EXERCISE DATA
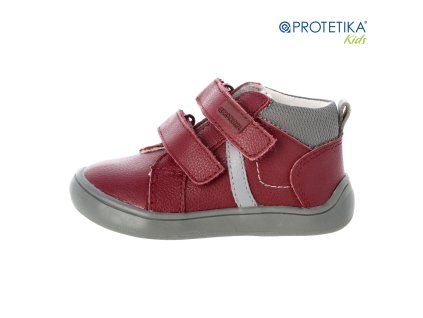 Protetika - barefoot topánky DARTA bordo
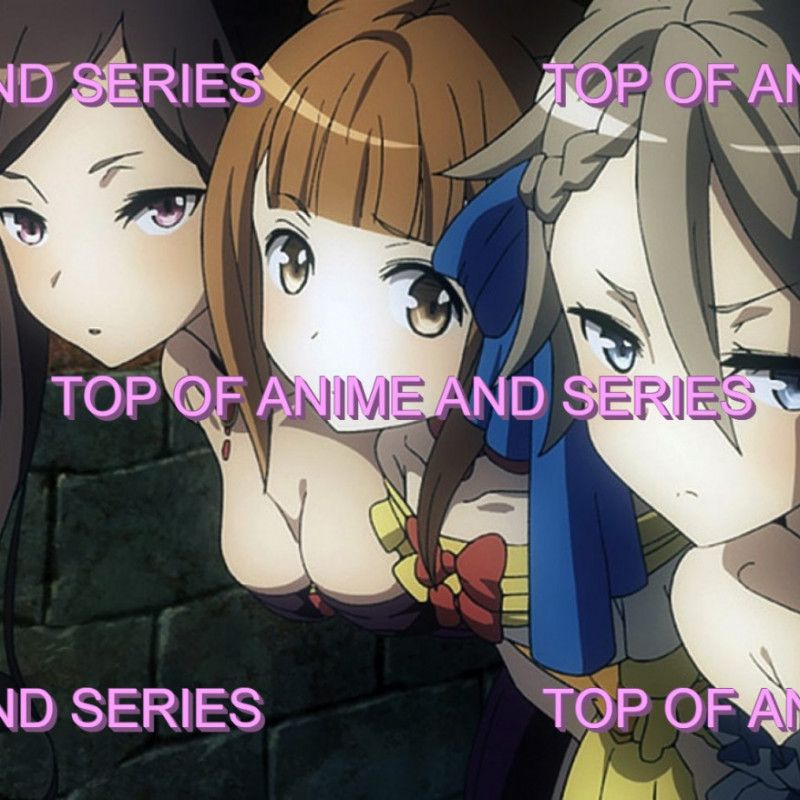 MY PERSONAL TOP OF ANIME AND SERIES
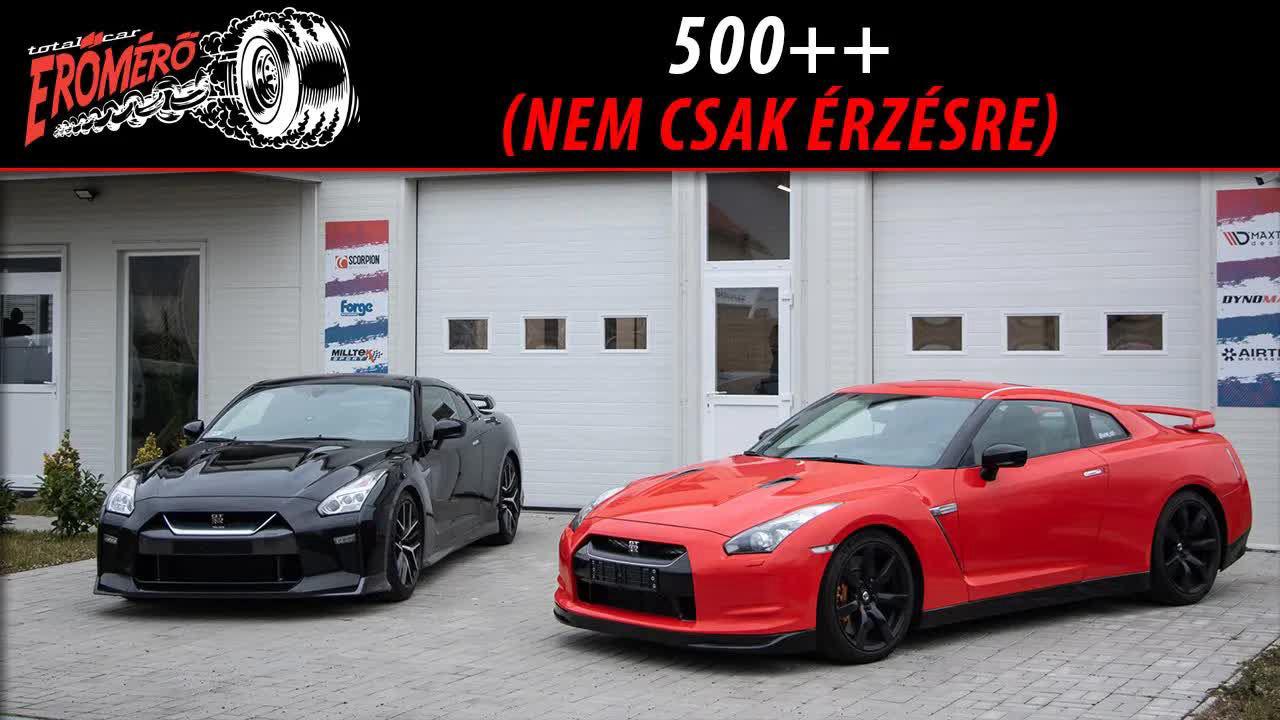 Thumbnail for A piros autó gyorsabb? – Nissan GT-R apró módosításokkal – Erőmérő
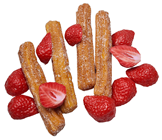 Fake Strawberry Halves - Pk.10 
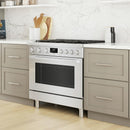  Bosch 36-inch Freestanding Gas Range with Convection Technology HGS8655UC IMAGE 13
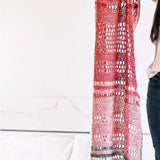 En Rose Lap Blanket Kit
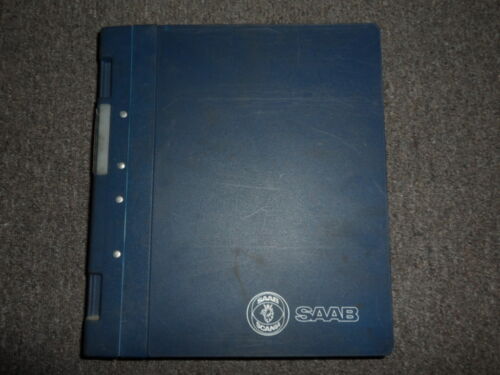 1996 1997 Saab 900 2:7 Engine Management System MOTRONIC Service Repair Manual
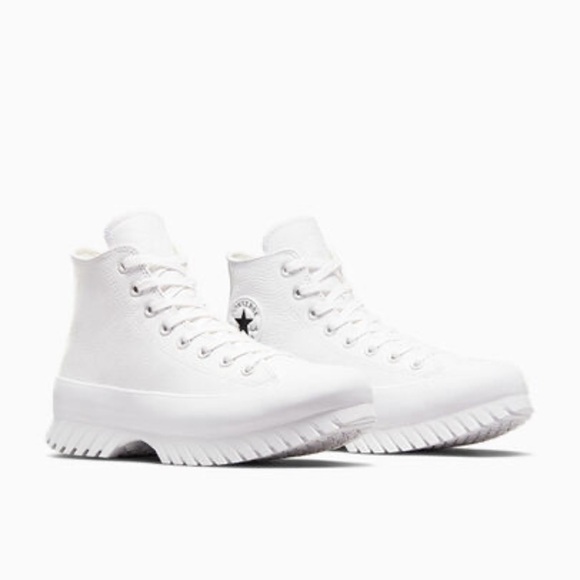 Men’s Converse Chuck Taylor All Star Lugged 2.0 Leather Size 8.5 - Picture 5 of 5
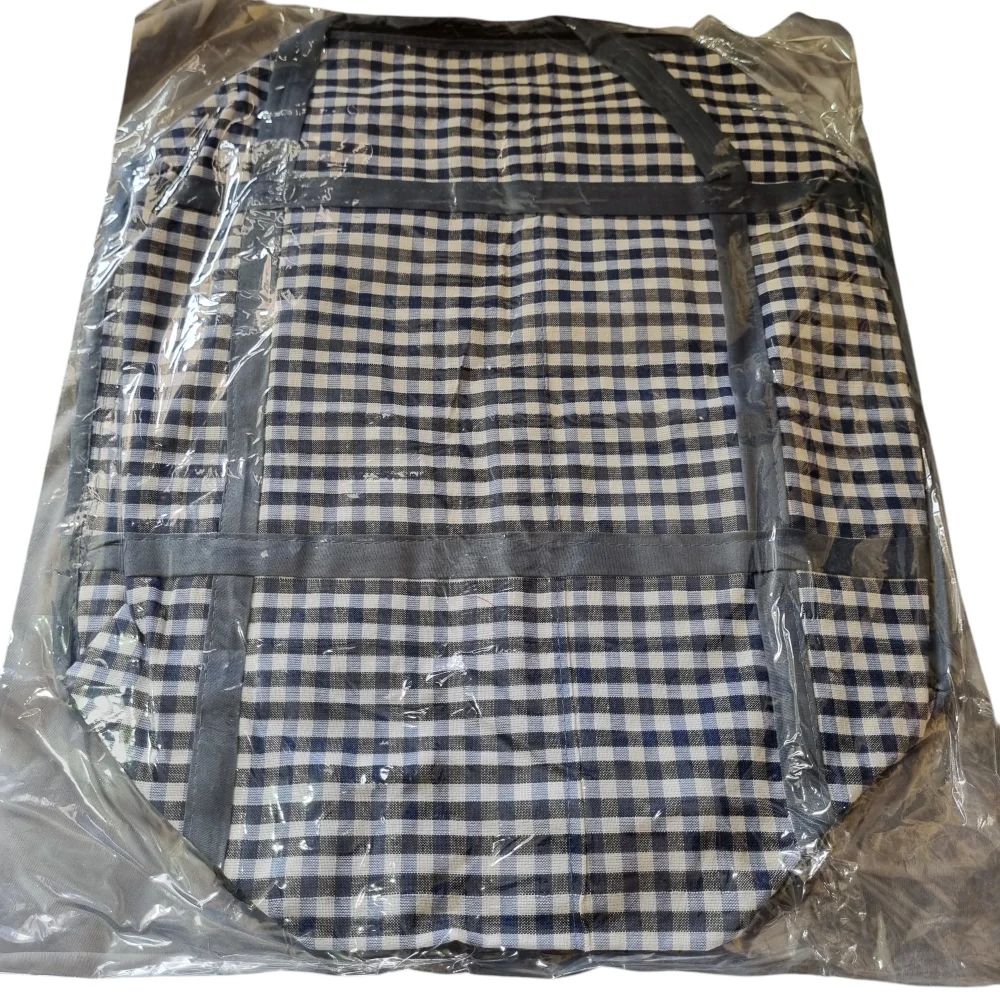 wp-17528205733411599768761912023399.webp Pochampally Ikat Handloom Bag from Pavan Kumar Weaves - Image 1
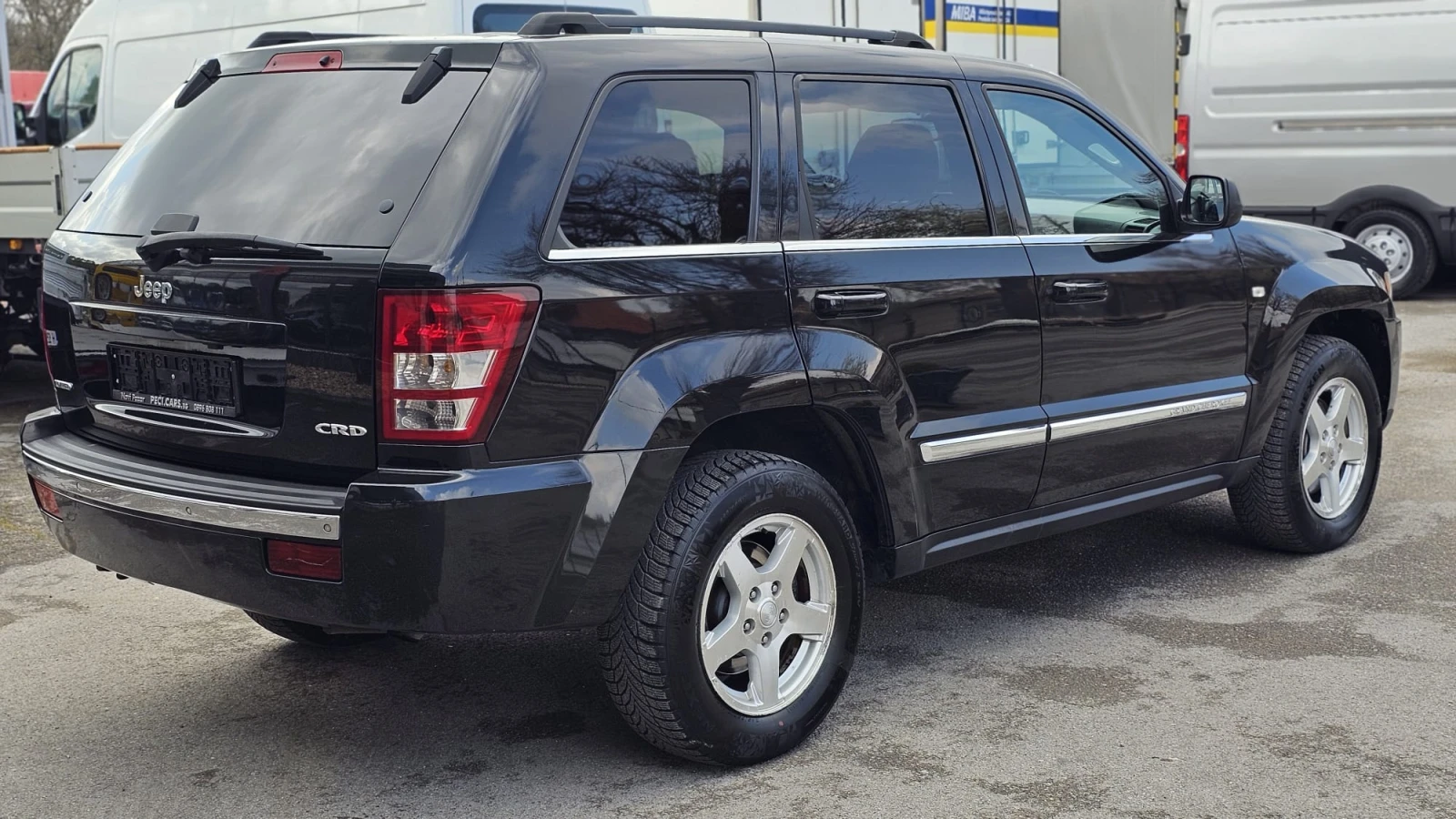 Jeep Grand cherokee 3.0CRDi 4x4 Auto IT-ИСТОРИЯ-ТОП СЪСТ.-ЛИЗИНГ, снимка 6 - Автомобили и джипове - 54236686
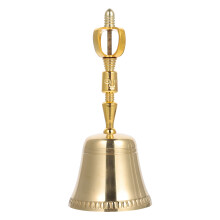 portable copper handbell for ancestral hall buddhism supply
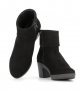 low boots oyana black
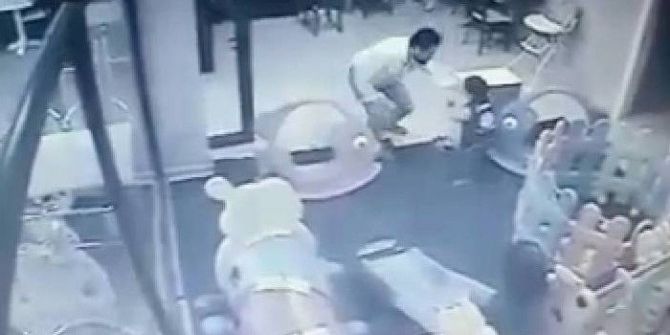 2,5 Yaşındaki Çocuğa Şiddet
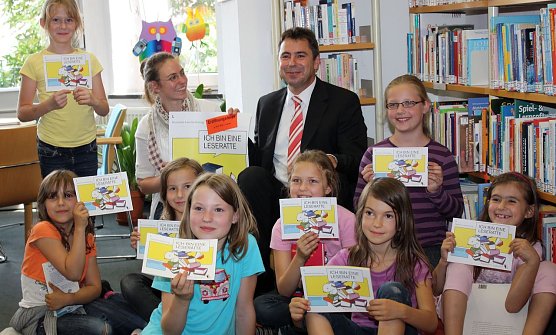 Projekt gestartet (Foto: I. Bergmann)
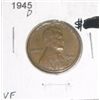 Image 1 : 1945-D Wheat Penny *NICE VERY FINE GRADE - NICE COIN*!!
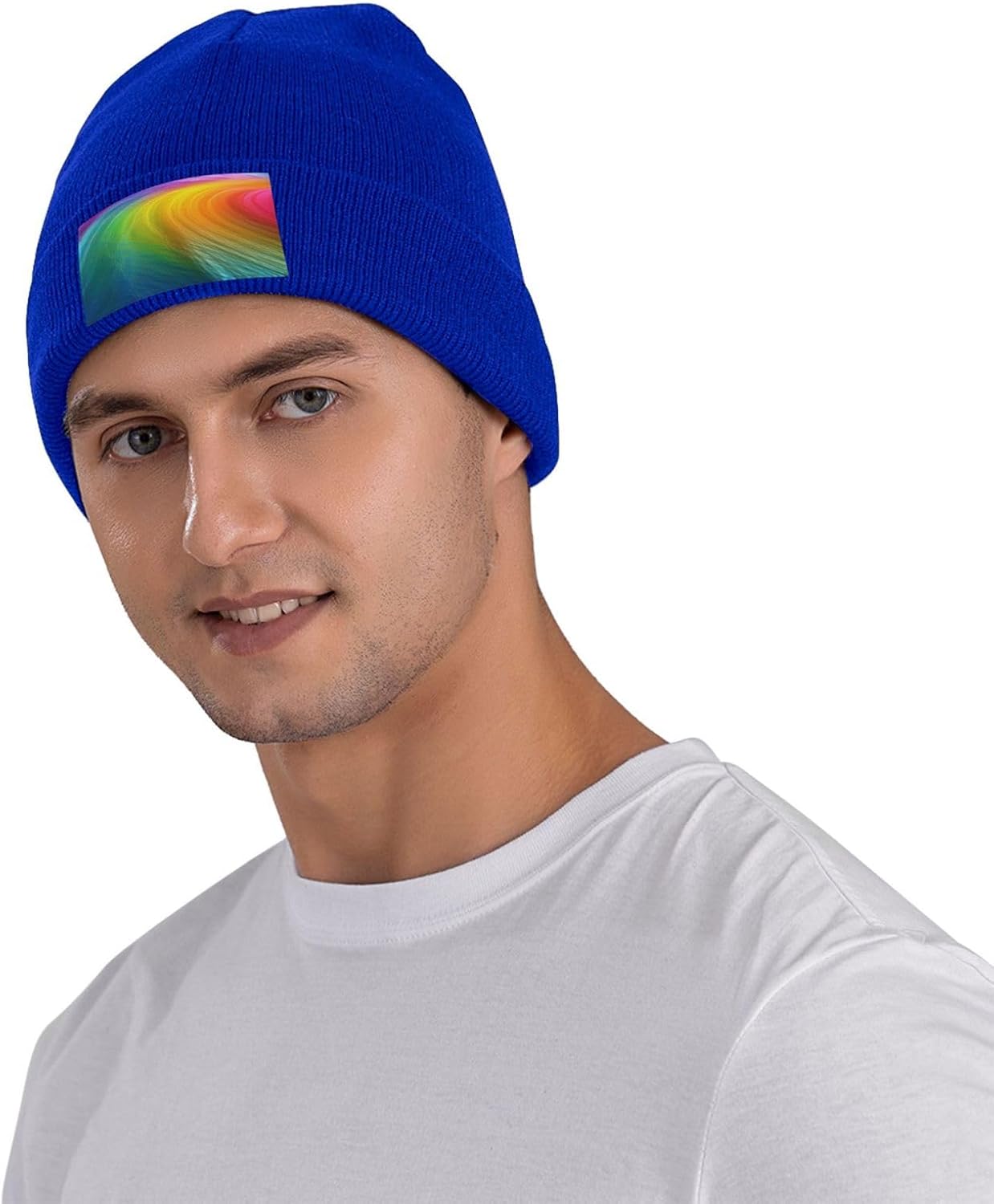 หมวกบีนนี่สำหรับผู้ชาย หมวกฤดู - Beanie Cuffed Knit บทวิจารณ์และราคา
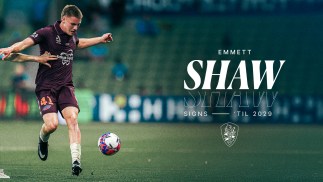 Brisbane Roar lock in ‘B’ Team product and Queenslander Emmett Shaw on three-year scholarship deal 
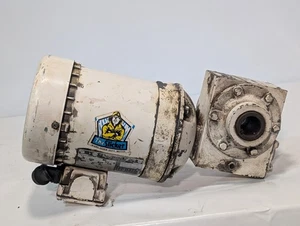 US Motors LR22132 The Slicker Washdown Duty Motor 1/2HP, 1725RPM, 3PH, 56C, TEFC - Picture 1 of 12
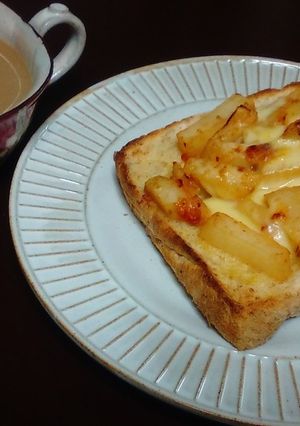 秩父の味噌ポテトースト仕立て♪-レシピのメイン写真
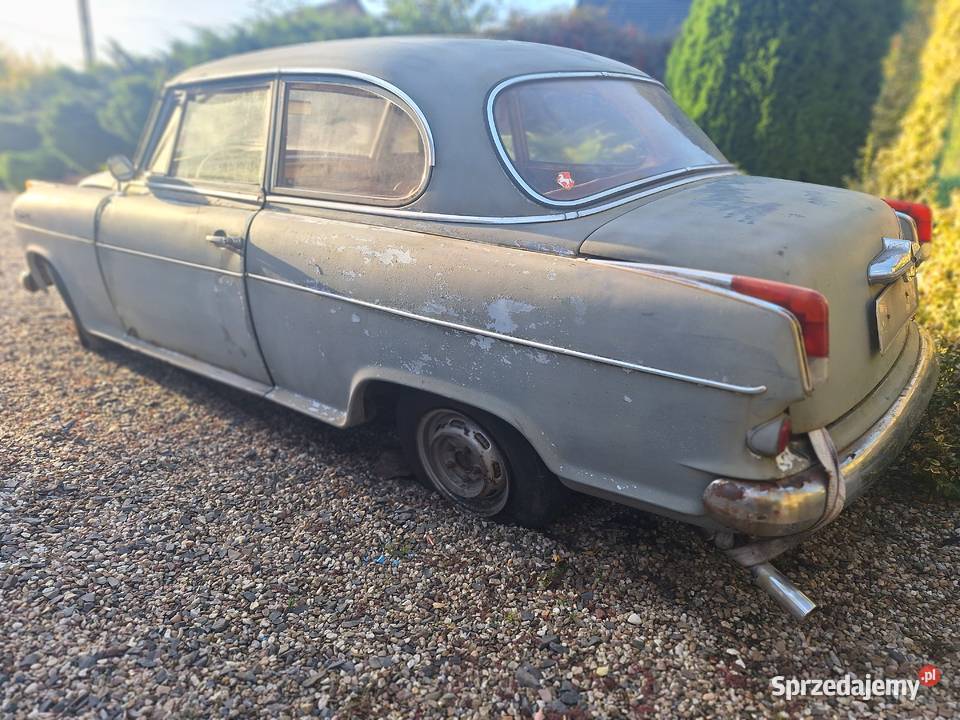 Borgward isabella 1959 benzyna dolnośląskie Lwówek Śląski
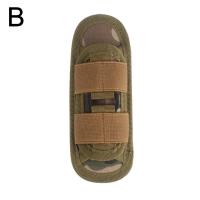 Funda Para Linterna Táctica Con Portarretratos Rotativo Y Clip De Cinturón 360 Grados Con Correa De Carabiner KITPIPI Material De Nylon - details 19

TASK DETAILS
In the records above, find the line containing "Borgward isabella 1959" and restate it and every line after it word for word, all pictures excluded.

TASK SOLUTION
 Borgward isabella 1959 benzyna dolnośląskie Lwówek Śląski
 Funda Para Linterna Táctica Con Portarretratos Rotativo Y Clip De Cinturón 360 Grados Con Correa De Carabiner KITPIPI Material De Nylon - details 19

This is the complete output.